◆ **Description of the task**: Each record, word for word and stripped of pictures, is what the answer should contain.

----- The data -----

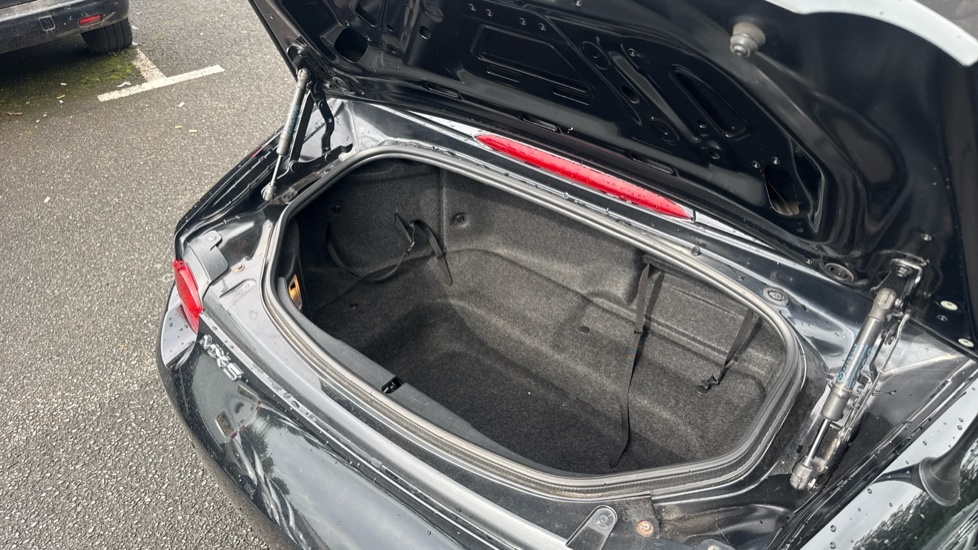 Mazda MX-5 2.0 Skyactiv-g Sport Nav Euro 6 Black #13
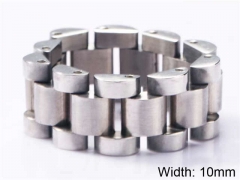 Stainless Steel Jewelry Wholesale - Stainless Steel Rings - HY0143R0072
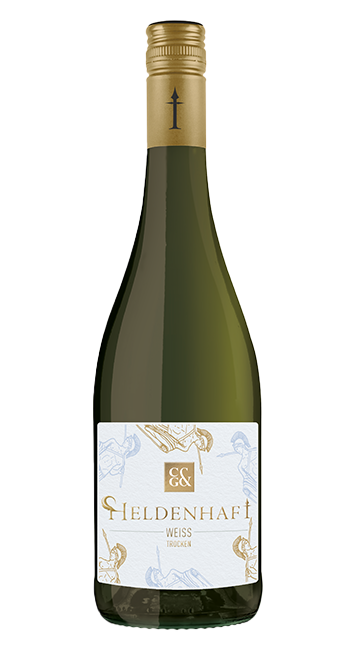 Heldenhaft Chardonnay & Weißburgunder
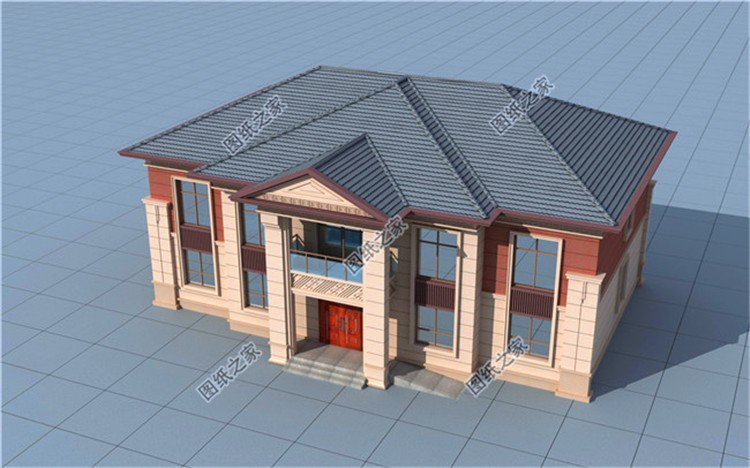 最佳農村自建房設計圖，建房精選好戶型，相比之下你更喜歡哪一套？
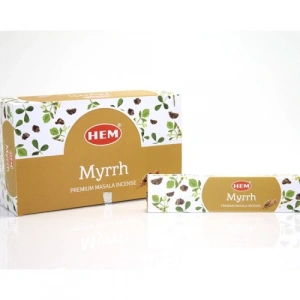 Mey İthalat® Hem Unıversal Myrrh Masala 15 Gr Tütsü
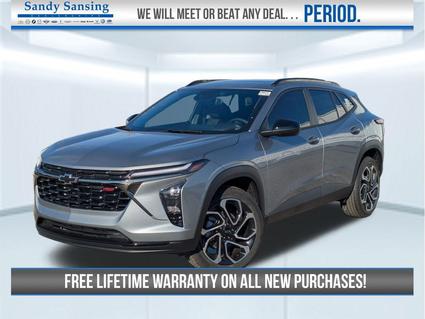 2026 Chevrolet Trax Pensacola FL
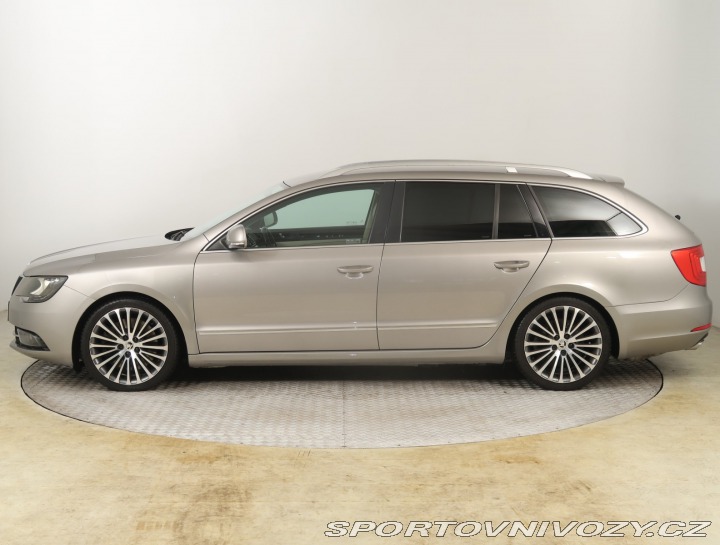 Škoda Superb Laurin&Klement 3.6 FS 2014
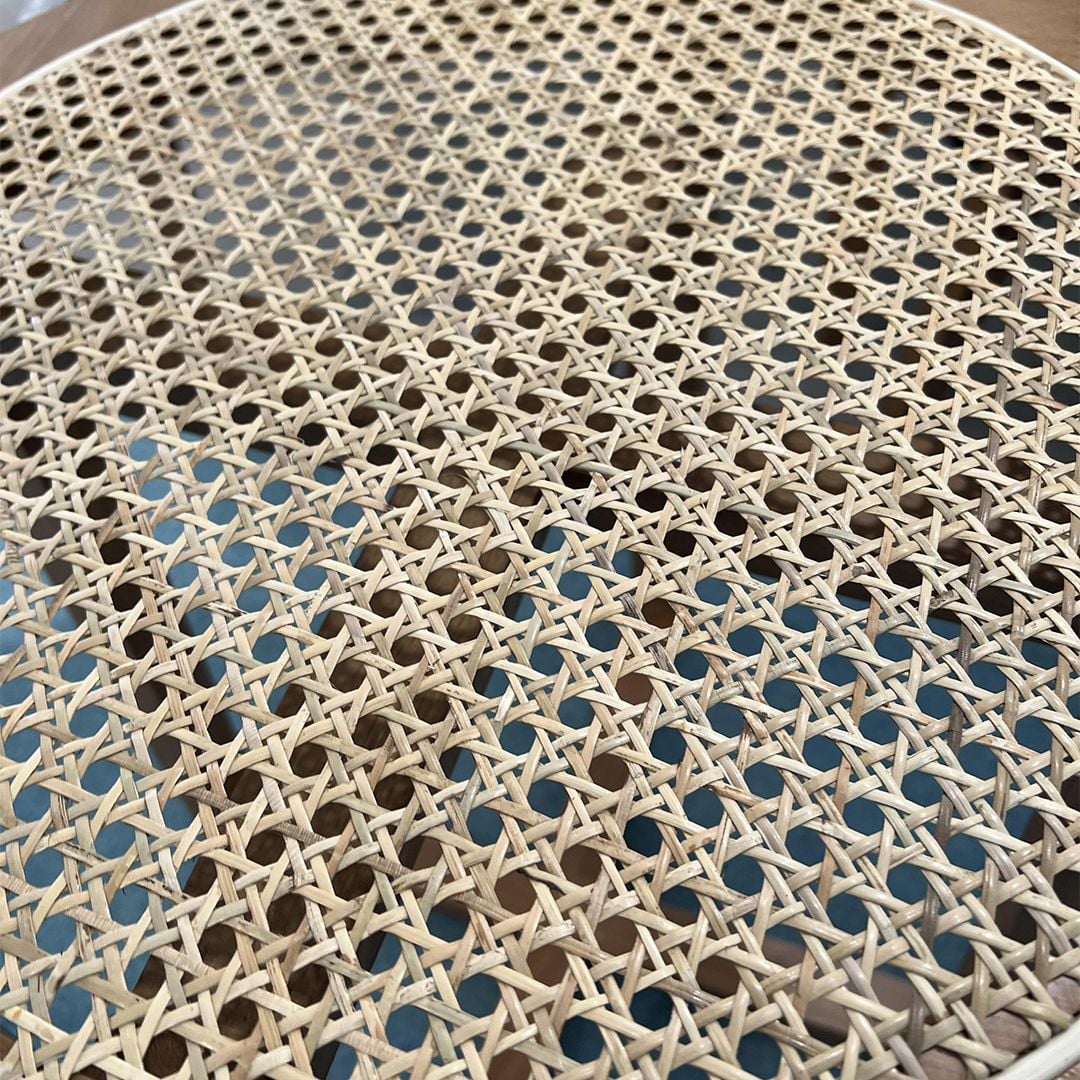 Side Table With Two Rattan Chairs product thumbnail 13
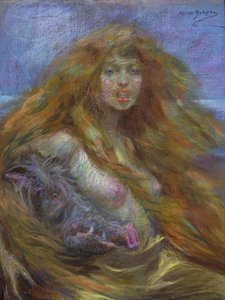 Circe — Alice Pike Barney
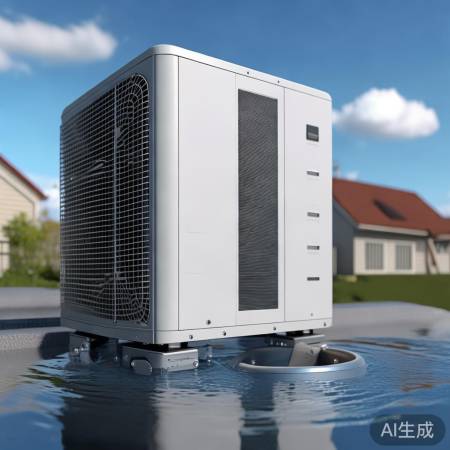 空气能风机排水难题解答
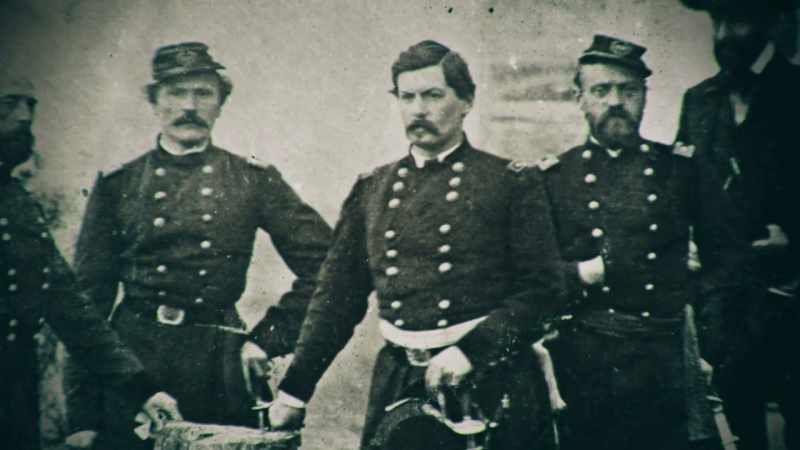 So McClellan will move very slowly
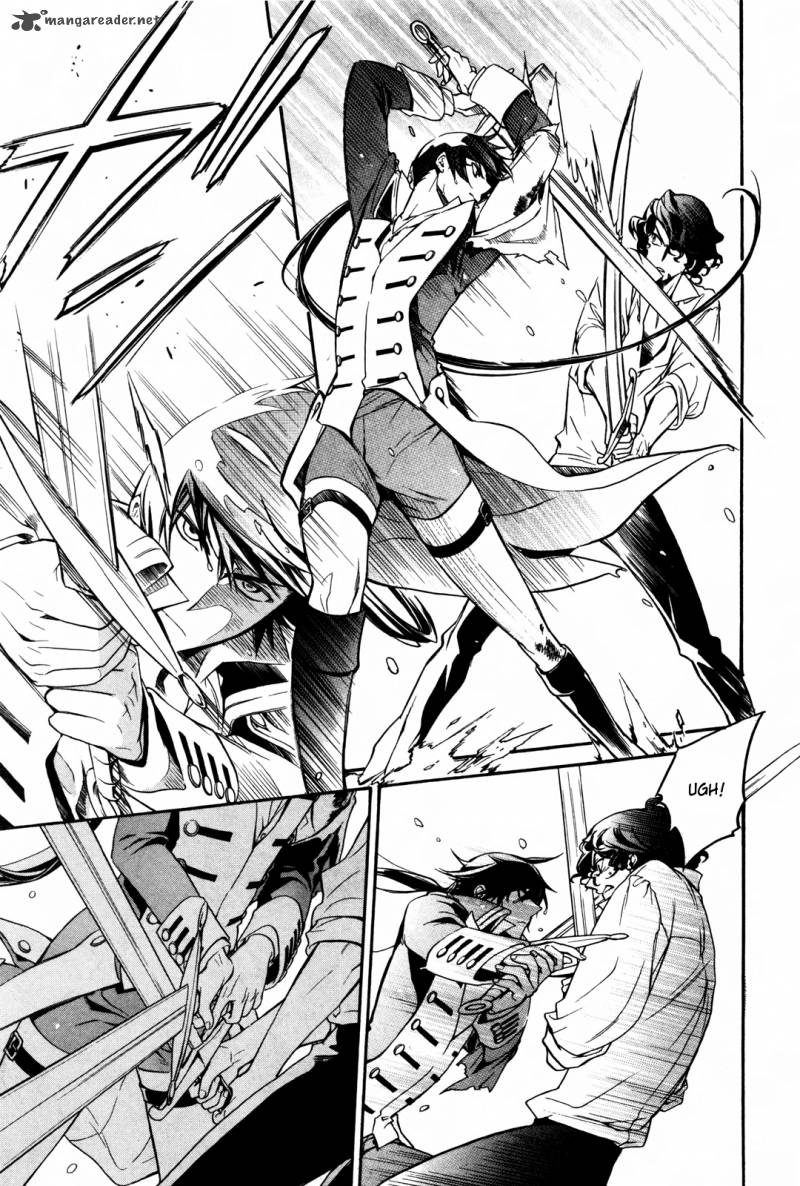 Sennen Meikyuu No Nana Ouji 9 38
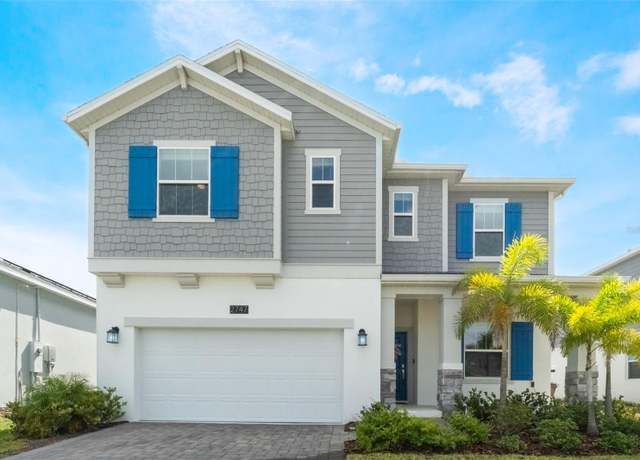Property at 2747 Slash Way, St Cloud, FL 34771, 5 beds, 3 baths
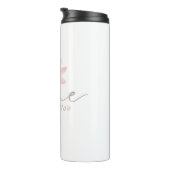 Tumbler Thermosbecher (Nach rechts gedreht)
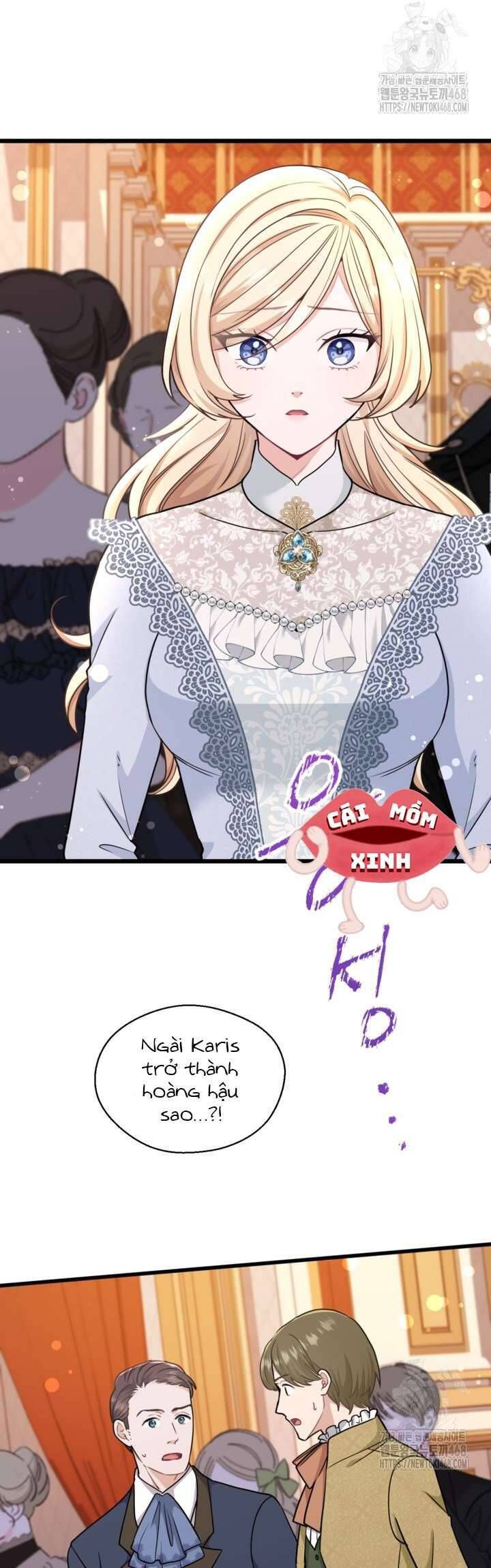 Bệ Hạ, Xin Hãy Quên Tôi Đi Chap 29 - Next Chap 30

-----

◆ **Written solution**:
 Mazda MX-5 2.0 Skyactiv-g Sport Nav Euro 6 Black #13
 Stainless Steel Jewelry Wholesale - Stainless Steel Rings - HY0143R0072
 Heldenhaft Chardonnay & Weißburgunder
 最佳農村自建房設計圖，建房精選好戶型，相比之下你更喜歡哪一套？
 Mey İthalat® Hem Unıversal Myrrh Masala 15 Gr Tütsü
 2026 Chevrolet Trax Pensacola FL
 Škoda Superb Laurin&Klement 3.6 FS 2014
 Side Table With Two Rattan Chairs product thumbnail 13
 Circe — Alice Pike Barney
 空气能风机排水难题解答
 So McClellan will move very slowly
 Sennen Meikyuu No Nana Ouji 9 38
Property at 2747 Slash Way, St Cloud, FL 34771, 5 beds, 3 baths
 Tumbler Thermosbecher (Nach rechts gedreht)
 Bệ Hạ, Xin Hãy Quên Tôi Đi Chap 29 - Next Chap 30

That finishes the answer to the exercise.